I’m not immediately sure what to do, so go downstairs and fill the kettle. Turn it on. Make tea. There’s nothing herbal here, so I make do with a regular tea bag. No milk either, so just brew a pint of hot, black tea in a huge pottery mug. Contrary to my usual habit, I add sugar, to take away the taste of the metallic mountain water, the strongly tannined tea. It tastes like sweetened bog water, but is nevertheless somehow welcome. A comfort against the cold.
And as I leave the kitchen, for the stairs that rise directly from the living room, I notice what must have been obvious from the kitchen window. It’s snowing. Big heavy flakes. Falling with a calm insistence, a sense of purpose
Against the grey sky above, the flakes look black. Like imperfectly burned coal ash settling back over a mining village. But the ground below gives the lie to that. It’s already covered. Sheeted in white while I was at the alcove upstairs. Every field, every hedge, every stroke and line of moor and mountain. The rowans stand black-fingered against the white. Farther down the hill, little stands of oak and hawthorn seem to have contracted into two dimensions. Given up colour and volume for the purity of shape. The naked essence of tree.
I stand at the window for a while, watching.
Because I am who I am – and because I am where I am – I can’t help but feel the terrible peacefulness of death. It’s as though the world has given up on life. As though the sky is shredding itself and scattering its remains. One giant burial, robed in white.
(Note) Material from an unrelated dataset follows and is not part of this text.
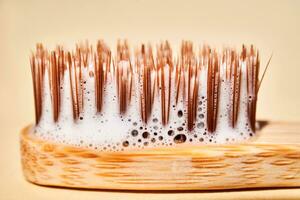 Toothbrush with toothpaste foam close-up. photo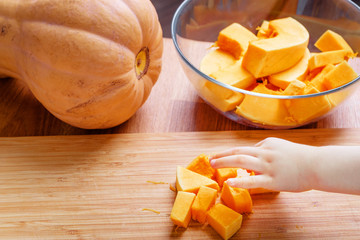 Orange pumpkin cut into pieces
It’s not a bad feeling at all. On the contrary, it’s calming. Under other circumstances, I would allow myself to sink into it. Relish it. And I do. For a while I do. Just stand at the window and watch the landscape disappear. Cardiff is no longer even a rumour. Abergavenny lies on the outer edge of the world. The storm and fury of Watkins’s police investigation means nothing up here. The rules, the files, the tasks, the duties. All that stays real is this whitening mountainside and the presence of those who died. Mary Jane Langton. Mark Mortimer. Ali el-Khalifi. The two halves of the human race joined by this snow. A temporary unity.
I don’t know how long I stare out at the scene, but the untidy realities of the present summon me back.
It’s four in the afternoon and the light is failing. I need to leave now or spend the night here. There’s no option really. The lane is already under two inches of snow and the temperature is below freezing. There are steep hills and sharp turns on the road back into Capel-y-ffin, and I don’t trust either me or my car to navigate them. Still less do I want to attempt it at the onset of more than fifteen hours of darkness.
So I leave my bucket of tea and bustle around trying to be sensible. Buzz-style sensible. Very cautiously, I turn my car, then take it, skidding, to the bottom of the drive. There’s another hideous encounter with a rock about halfway down, but the car still seems to be in one piece. I’m guessing that there will be tractors or four-wheel drives moving in the morning. Once they’ve dug out the road for me, I should be able to slide down their tyre tracks into the valley bottom. And if the worst comes to the worst, I can always walk. If I allow myself enough daylight, I can’t see myself getting seriously lost.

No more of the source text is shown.